PROBLEM STATEMENT: For this item, repeat the material exactly while omitting its pictures.

DATASET SECTION:
▼
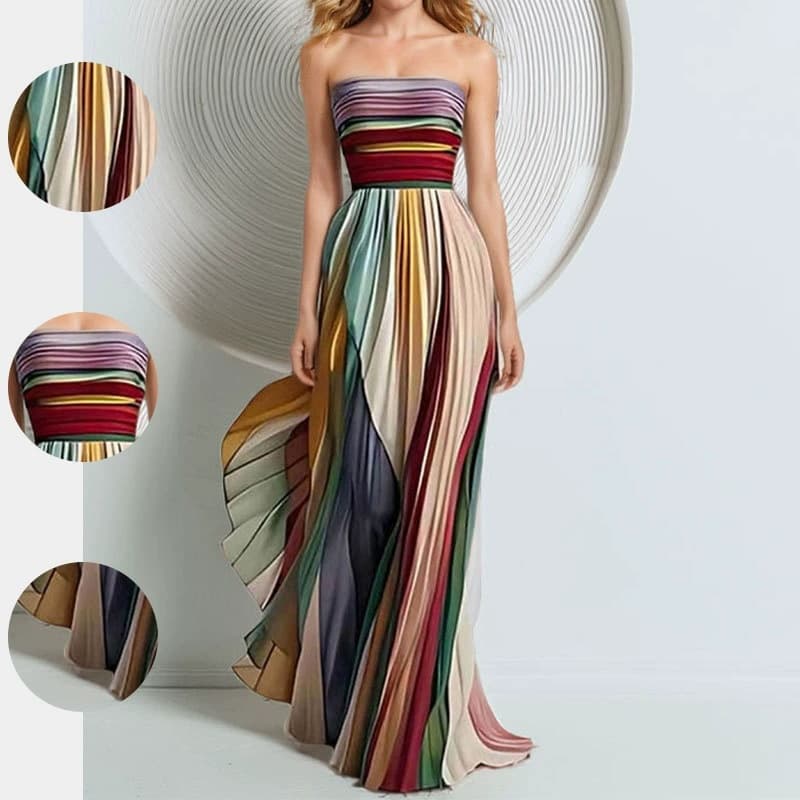 Sexy Elegant Strapless Printed Colorful Long Maxi Dress 1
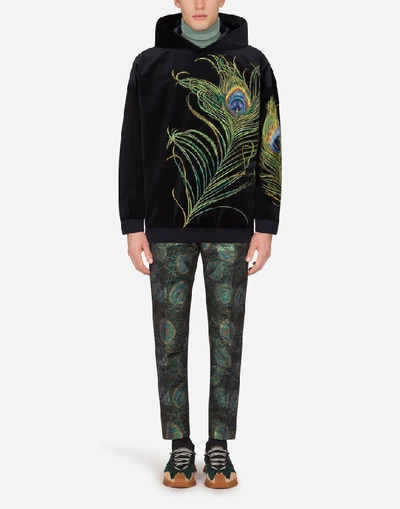 Shop Dolce & Gabbana Velvet Hoodie With Feather Embroidery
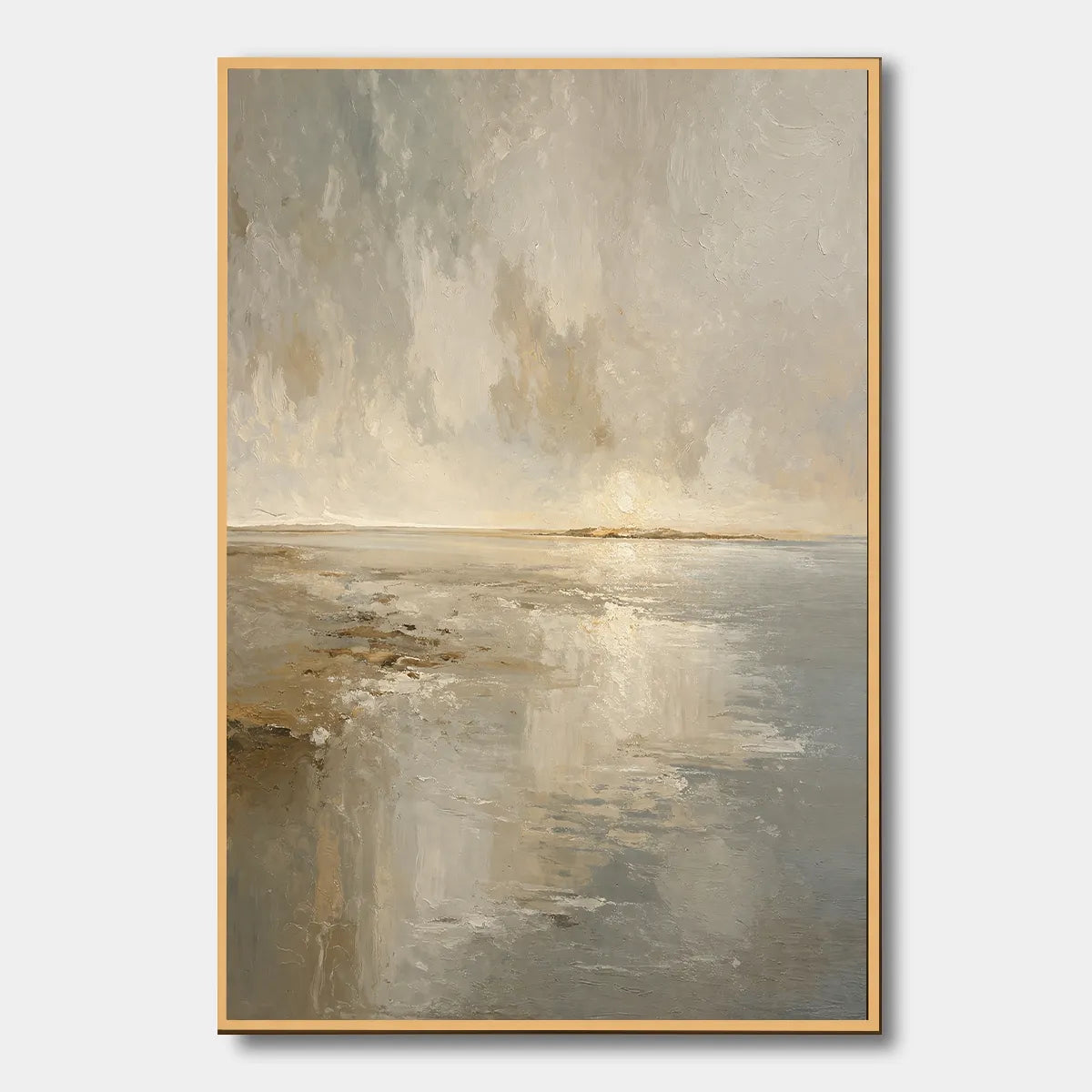 Hand-Painted Serene Coastal Misty Horizon Oil Painting HP#2829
▲
ANSWER SPACE:
 Sexy Elegant Strapless Printed Colorful Long Maxi Dress 1
 Shop Dolce & Gabbana Velvet Hoodie With Feather Embroidery
 Hand-Painted Serene Coastal Misty Horizon Oil Painting HP#2829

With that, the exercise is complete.